Ce tiraillement d’Hilarion, par lequel passe son apprentissage du communisme, est encadré d’un réseau de relations entre le personnage principal et les autres. On peut y voir la force de la rencontre, comment celle-ci peut changer un homme, la beauté de l’amitié ou de l’amour. Autour du nègre se rassembleront des personnages qui lui tiendront la main tout au long du récit, le transformeront, participeront à son évolution, seront comme des guides au cœur de son questionnement; Pierre Roumel, Jean Michel, Domenica Beltances, Santa Cruz, Claire-Heureuse, véritable négresse avec qui il connaitra l’amour paré de tous ses habits. Le réseau de relations qui se met en place se base sur des rapports de partage, de soutien, d’apprentissage, en passant par des interactions. Soit que Roumel et ses amis tirent Hilarion vers le haut, le poussent à se questionner, soit que Claire-Heureuse constitue un socle sur lequel il s’appuie. Chaque rencontre semble être une page d’un manuel mis à la disposition du nègre.

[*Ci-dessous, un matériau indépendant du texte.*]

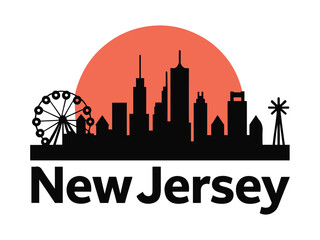 Jersey City New Jersey Skyline with Atlantic City Boardwalk © VectEdge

Une plume racontant le jour, la nuit, toujours dans cette perspective du tiraillement. Jacques Stephen Alexis se sert d’une plume à encre poétique pour raconter le drame d’Hilarion. L’on est délicieusement servi si on est un amoureux des belles tournures que peuvent les mots. De belles descriptions qui passent par des figures de style : la métaphore « la misère est une femme folle. Port-au-Prince,  la nuit est une belle fille, une fille couverte de bijoux électriques,  de fleurs de feu qui brûlent… », la personnification « En Haïti,  tous les tambours parlent la nuit. » Il y a une continuelle correspondance entre une poésie riche et une narration qui se déploie; la densité poétique ne tue pas l’histoire racontée. L’homme sait tout dire : les rencontres, l’espoir, le drame, la misère, l’amour, le tiraillement, le nègre, le contraste, le feu, le soleil, l’inondation, cette balle qui renverse Paco Torres, celle qui attrape Hilarion. Cet Hommage au Soleil, Compère général. Il enveloppe le roman dans une beauté qui charme, fait sourire, attendrit ou fait pleurer par une plume incisive et généreuse. 

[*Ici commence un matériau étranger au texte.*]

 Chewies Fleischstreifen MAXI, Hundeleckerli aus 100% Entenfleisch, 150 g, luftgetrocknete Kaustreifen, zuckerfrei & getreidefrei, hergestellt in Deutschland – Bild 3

Compère général Soleil continue de nous parler aujourd’hui. Plus encore est ce fossé entre les gens de bien et ceux de la masse. Plus encore, le nègre n’a pas sa place dans son pays. Plus encore, il est forcé à le quitter. Cette situation duelle persiste. Pourquoi lire l’œuvre aujourd’hui ? Pour nous reconnaitre. Pour la beauté et la richesse intarissable de ses mots. Pour nous regarder, car comme dit Stendhal, le roman est un miroir qui se traine sur une grande route. Tantôt il reflète à vos yeux l’azur des cieux, tantôt la fange des bourbiers de la route. Ce roman est un miroir. Mais il ne s’agira pas seulement de se regarder. Il est peut-être temps de se regarder pour changer ce que le miroir montre de mauvais.

 

Dorvensca Machla Isaac

 

Notes

Dorvensca Machla ISAAC, 21 ans et originaire de Petit-Goâve, a remporté le deuxième prix avec un texte sur Compère général Soleil de Jacques Stephen Alexis, du concours de critique organisé par le ministère de la Culture et de la Communication (MCC) dans le cadre de l’Année de la Belle amour humaine. Les participants, âgés de 18 à 25 ans, ont choisi un des 11 livres proposés par le MCC pour produire un article critique sur l’œuvre retenue.